More than half of the energy the world produces is wasted. Even worse, the biggest contributor to this waste is in the process of energy production itself. However, recent developments in quantum machine learning and nanotechnology could unlock the solution to the ever-growing energy crisis that affects over 1.2 billion people.

The world wastes more than half of the energy it produces

Despite the upward trend in energy production, there has also been an upward trend in the proportion of energy waste. Last year, 66% of our energy was wasted, and even more surprisingly, most of it was lost in the process of electricity generation itself.

Not only are coal and natural gas bad for the environment, they’re also extremely inefficient, losing almost twice the amount of energy they produce (along with nuclear fission and hydroelectric generation).

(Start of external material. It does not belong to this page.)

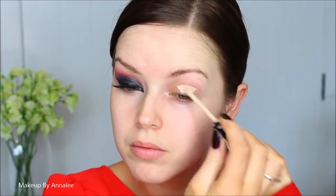Hi everyone! So as you can see, today's video is an inspired, sexy, scary as hell vampire look.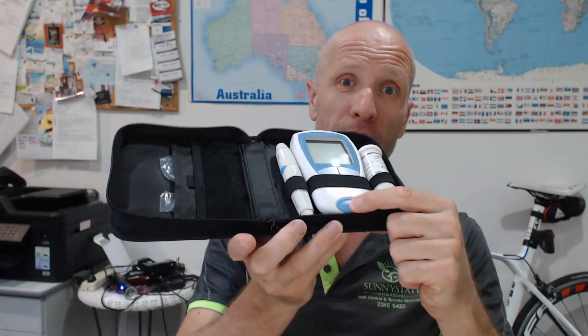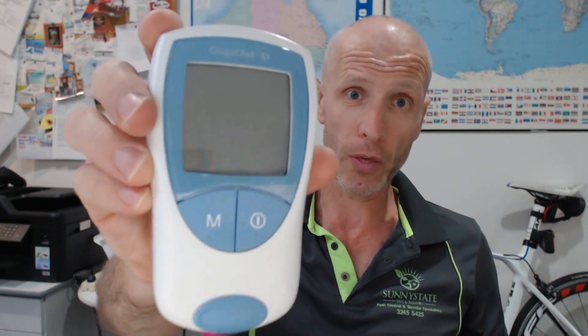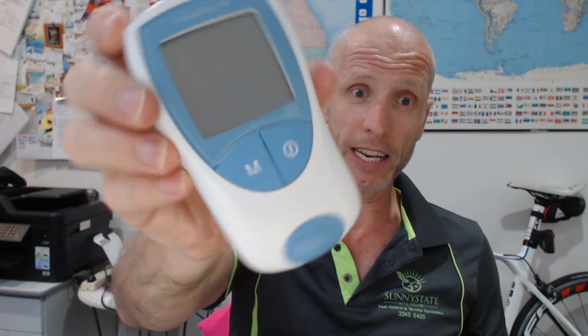When they draw the blood, you stick one of your strips in and get them to put a bit on there. When you get the results back the next day, you compare — if theirs matches yours, the calibration is fine. I do that about once a year. The machines are now $589, not a thousand dollars anymore. You can find them on medshop.com.au.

37% of our energy is generated by steam turbines and they’re not as efficient as we think

All of these energy sources suffer from the same fundamental flaw: they all rely on steam turbines — the same ones that were used over 50 years ago.

Turbines are used to convert large amounts of kinetic energy on the molecular level (think heat) into usable electricity by directing rising steam through its rotor. The problem is, this mechanism is only capable of harnessing energy from a thermal gradient, i.e. the steam has to be surrounded by a cold medium for it to work, and thus, energy is spent on cooling the apparatus.

If not steam turbines, what should we be using?

As it turns out, biology has spent a few billion years developing this process: ATP synthesis involves the conversion of kinetic energy in moving protons into chemical energy using an enzyme. With the right mechanisms built into a nanostructure, creating a synthetic molecular machine for this process could completely disrupt the energy sector.

The mechanism of the ATP synthase enzyme.

Building nanostructures with the Legos of the universe

There’s no instruction manual for the optimal molecular structure, but quantum machine learning offers the solution: quantum generative adversarial networks, or QuGANs, have the potential to simulate and optimize the properties of a given molecule. By iterating over hundreds of thousands of possible nanostructures, we could create the blueprints for the perfect molecule.

What does it look like?

1.2 billion people are still without a source of electricity. The developed world is currently caught up in optimizing energy generation incrementally, but true change depends on a fundamental shift in the way we think about energy. The vision behind EnergyInq (energyinq.com) is the outright replacement of steam turbines to dramatically increase the efficiency of energy generation, which drives our mission to power the world at a fraction of the financial and environmental costs.